The city of Durango is asking its residents to make two changes to the City Charter. One is a worthwhile but mundane housekeeping measure unlikely to be of interest to anyone outside city government. The other is an important change that will eliminate a fundamental injustice. But neither alone nor in tandem are they sufficient to fix the city’s problem. That could require a change to state law.
This comes in response to the voters’ April rejection of an extension to the city’s franchise agreement with La Plata Electric Association. Left standing, that could cost the city about $20 million over 20 years.
As part of an effort to fix that, the city is conducting a mail-in election to be concluded July 31. All otherwise qualified city residents can vote. The ballot poses two questions.
Ballot Question 2 asks voters to replace “references to the city treasurer with references to the city clerk” in Article IX, Section 1 of the city charter. If that works better, fine. Vote yes.

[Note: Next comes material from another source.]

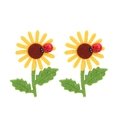 Handgefertigte Sonnenblumen- und Marienkäfer-Ohrringe aus Stoff in Gelb und Grün - Sonnenblumen Zweig Ohrstecker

Ballot Question 1 is more interesting. It would eliminate the requirement in the same part of the charter that “registered electors at city franchise elections must also be tax-paying electors of the city.” Doing so would make those elections much more equitable.
It is curious language, though. Who does not pay taxes? The bulk of the city’s revenue is from sales tax, and everyone pays that.
What the current charter language means, is to limit voting in franchise elections to voters who pay property tax. Presumably the thinking was that only property owners pay franchise taxes.
But that is not true. In the case of the LPEA franchise, the fee is passed on to city residents through their electric bills, and many renters have their utilities in their own names. And even if they do not, those costs are surely passed on to them. The current language also excludes homeowners whose property is in the name of a trust.
With that, as many as half the city’s voters have been ineligible to vote on a tax almost all pay. Including all city residents in such a choice is simply fair.
But making that change does not ensure the franchise fee will pass. The way the LPEA franchise fee works, the electric co-op agrees to pay the city for access to its streets and rights of way, but the co-op does not treat that fee as a normal business expense for which the entire organization is responsible. Instead, it passes that cost directly on to city residents – and to city residents alone. That arrangement is in state law. The franchise fee on cable television bills works much the same way, as do the similar occupation fees the gas and phone companies collect.
What it amounts to is a roundabout way for the city to tax its residents via their utility bills. How that works was not widely understood until, thanks to Councilor Paul Broderick, the discussion leading up to April’s vote on the LPEA franchise fee.
So, vote “yes” on Ballot Questions 1 and 2 to clean up the charter and make the voting fair. Then we can talk about whether we want to tax ourselves.